We quickly drove to the bed and breakfast, where we freshened up and then headed right back out in order to arrive on-time for our 18:30 tour at a foie gras farm called Elevage du Bouyssou.

Unfortunately, we ended up getting lost on our way to the farm as we did not have a real address with us, just simple directions listed in Rick Steves guidebook. After attempting to rely on a lack of signage and the books limited directions, Mike stopped in a small town and asked for better directions from someone working at a bar. Thankfully, the guy who helped Mike knew exactly where the farm was, so we were able to find the place less than five minutes later.

Although we had arrived ten minutes later than our 18:30 tour time, the lady made it seem as though it was no big deal. Thankfully, we were the only ones on the tour, so I was happy that no one had been standing around waiting for us.
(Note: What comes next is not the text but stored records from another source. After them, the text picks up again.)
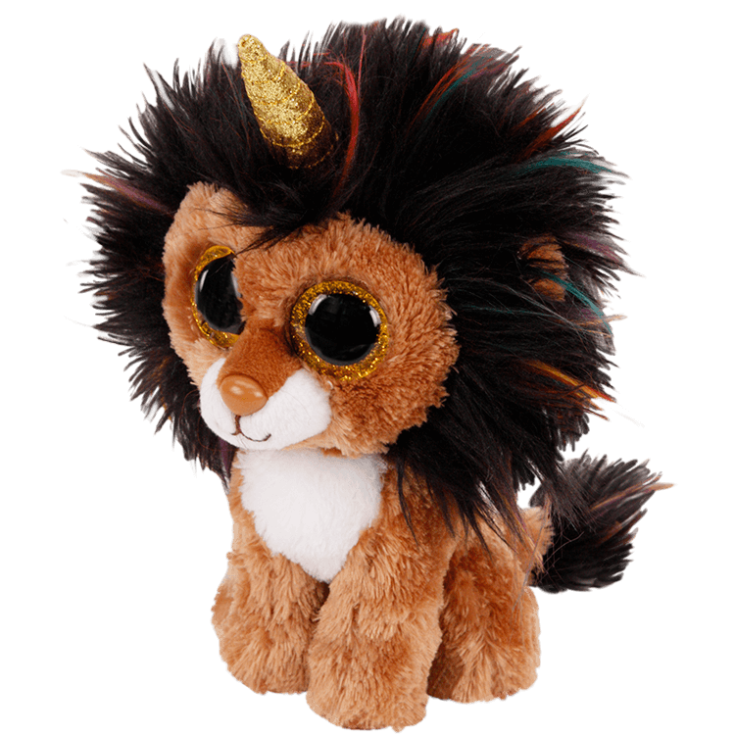 B&S Pupazzo Beanie Boos Ramsey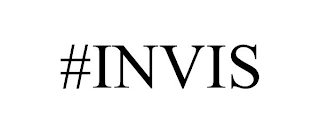 #INVIS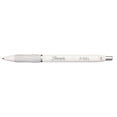 thumbnail image 2 of Sharpie S-Gel, Gel Pens, Pearl White Fashion Barrel, Medium Point (0.7 mm), Black Ink, 2 Count, 2 of 7
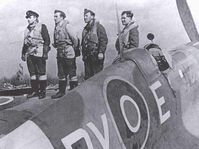 The RAF pilots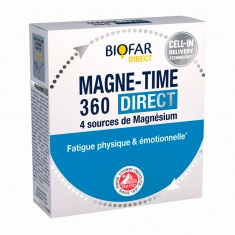 Biofar Direct Зелен стимулант B + Ca х14 сашета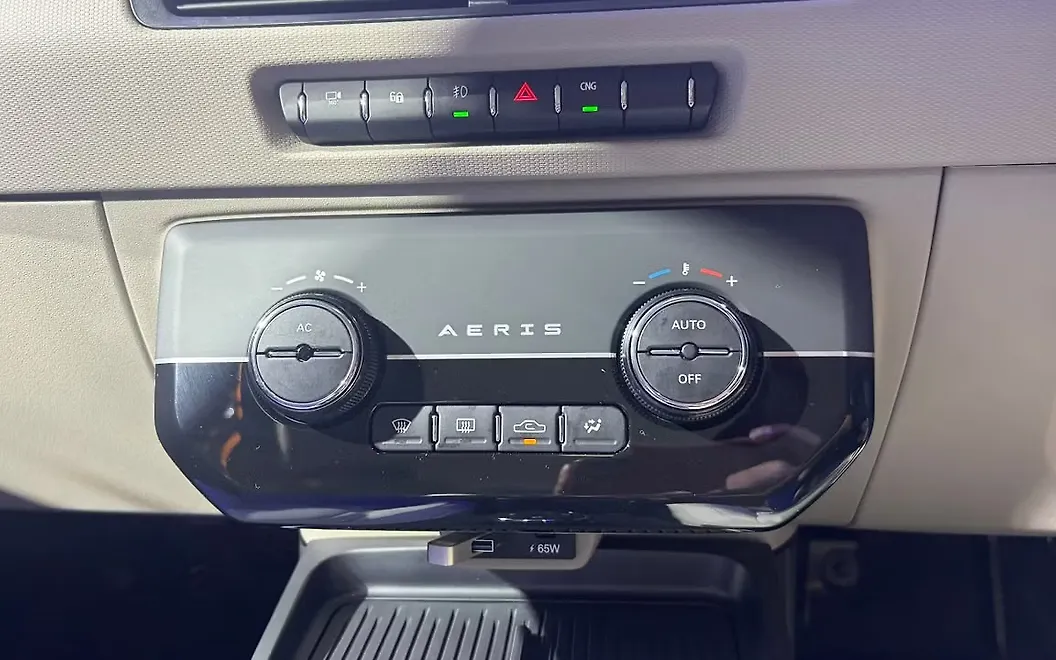 Tata Aeris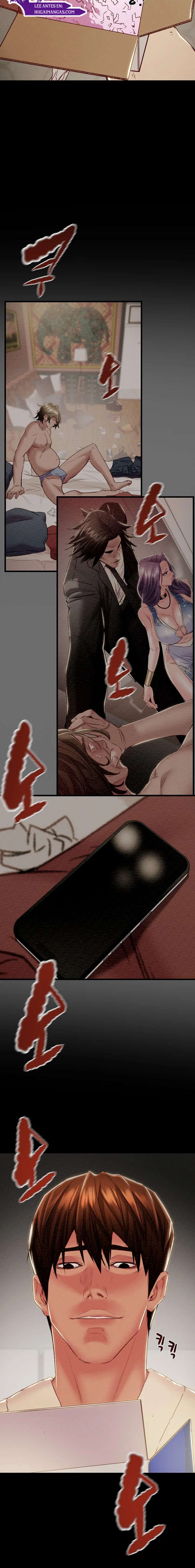 El Saqueador Capítulo 29 - Page 31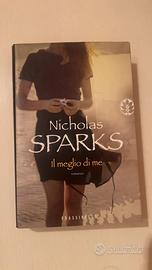 Collana di libri Nicholas Spark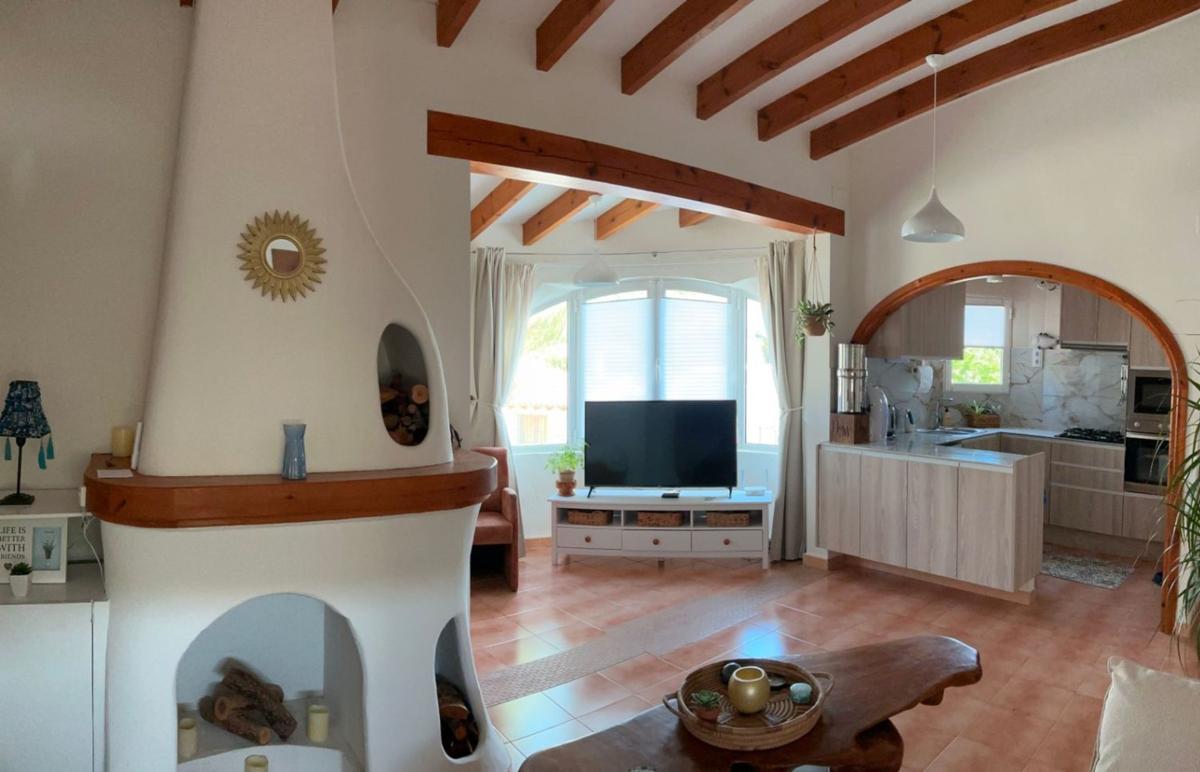Sprzedaż szeregowego domku w Chalet adosado en Gargasindi, Calpe , Kalpe photo 5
Foie gras is a French delicacy that is made made from the liver of a duck or goose that has been purposely fattened. The production of French foie gras is viewed by many around the world as being highly controversial due to the force feeding procedure. Several countries have gone so far as to enact laws against the force feeding or even sale of foie gras. Many of the foie gras farms in the Dordogne region use a process called la gavage in order to force-feed the geese, which generally takes two to three seconds to complete. Enthusiasts of this technique say that the animal is in absolutely no pain when the force feeding occurs, because their large gullet and expandable liver is naturally designed to take in a large quantity of food at once. Also, the geese apparently do not have gag-reflexes and the lining of their throats are very tough, so much so that they sometimes naturally swallow rocks in order to help break-down and grind food that they have consumed. That being said, however, many people view the entire process as cruel and inhumane. Prior to our visit, I wasn't quite sure which viewpoint to take, but I was sure that I would be better able to form an opinion after visiting a farm for myself.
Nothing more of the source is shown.